GABAergic regulation of auditory sensory gating in low- and high-anxiety rats submitted to a fear conditioning procedure.

The inferior colliculus (IC) is primarily involved in the processing of acoustic stimuli, being in a position to send auditory information to motor centers that participate in behaviors such as prey catching and predators' avoidance. The role of the central nucleus of the IC (CIC) on fear and anxiety has been suggested on the basis that rats are able to engage in tasks to decrease the aversiveness of CIC stimulation, increased Fos immunolabeling during diverse aversive states and increased CIC auditory evoked potentials (AEP) induced by conditioned fear stimuli. Additionally, it was shown that brainstem AEP, represented by wave V, for which the main generator is the IC, is increased during experimentally-induced anxiety. Rats segregated according to their low or high emotional reactivity have been used as an important tool in the study of fear and anxiety. The IC contains a high density of GABA receptors. Since the efficacy of an anxiolytic compound is a function of the animal's anxiety level, it is possible that GABA-benzodiazepine (Bzp) agents affect LA and HA animals differently. In this study we investigated the GABA-Bzp influence on the modulation of AEP in rats with low- (LA) or high-anxiety (HA) levels, as assessed by the elevated plus-maze test (EPM). GABA-Bzp modulation on the unconditioned AEP response was analyzed by using intra-CIC injections (0.2 μl) of the GABA-Bzp agonists muscimol (121 ng) and diazepam (30 μg), or the GABA inhibitors bicuculline (10 ng) and semicarbazide (7 μg). In a second experiment, we evaluate the effects of contextual aversive conditioning on AEP using foot-shocks as unconditioned stimuli.

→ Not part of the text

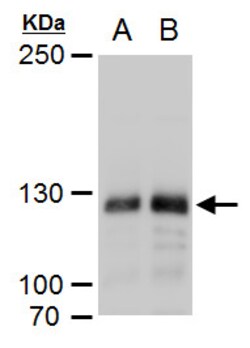 Invitrogen DNMT3A Polyclonal Antibody 100 &mu;L; Unconjugated:Antibodies,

On the unconditioned fear paradigm GABA inhibition increased AEP in LA rats and decreases this measure in HA counterparts. Muscimol was effective in reducing AEP in both LA and HA rats. Contextual fear stimuli increased the magnitude of AEP. In spite of no effect obtained with diazepam in LA rats the drug inhibited AEP in HA animals. The specificity of the regulatory mechanisms mediated by GABA-Bzp for the ascending neurocircuits responsible for the acquisition of aversive information in LA and HA animals shed light on the processing of sensory information underlying the generation of defensive reactions.